-- Information provided --
/---
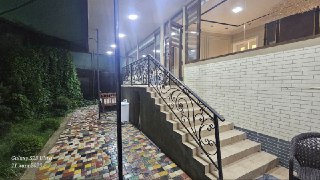 GOLDEN HAUS ‼️ 200m2 Lyuks  Remont + Xovli va 6taparkovka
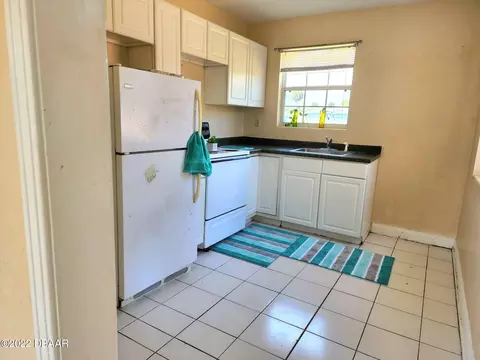 48 Byron Ellinor Dr, Ormond Beach, FL 32176 photo 19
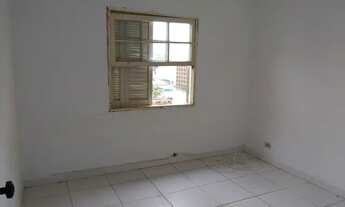 Imagem 4: Sobrado para alugar na Cidade Dutra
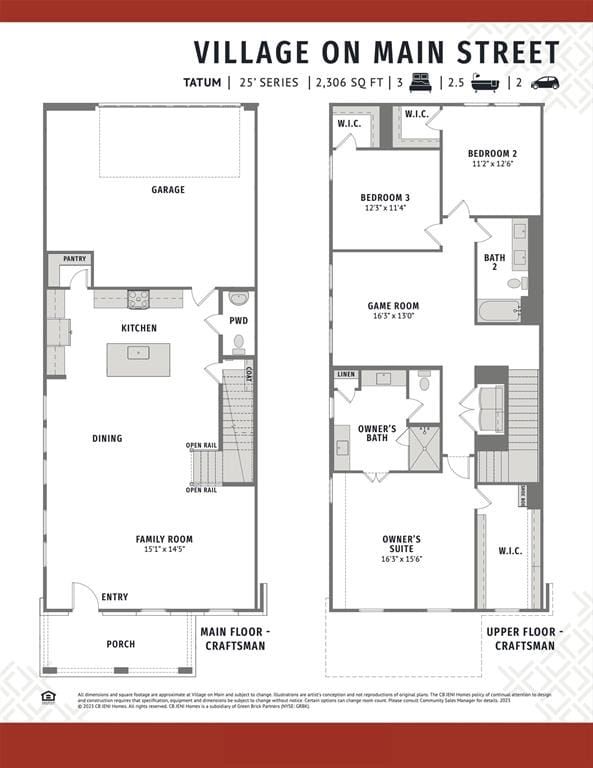 9735 Speaker Drive, Frisco TX 75035 - Photo 2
\---
-- Your goal --
This task calls for restating, word for word, each line from the line holding "Imagem 4: Sobrado" through the end of the material, pictures left out.

-- Result of this exercise --
 Imagem 4: Sobrado para alugar na Cidade Dutra
 9735 Speaker Drive, Frisco TX 75035 - Photo 2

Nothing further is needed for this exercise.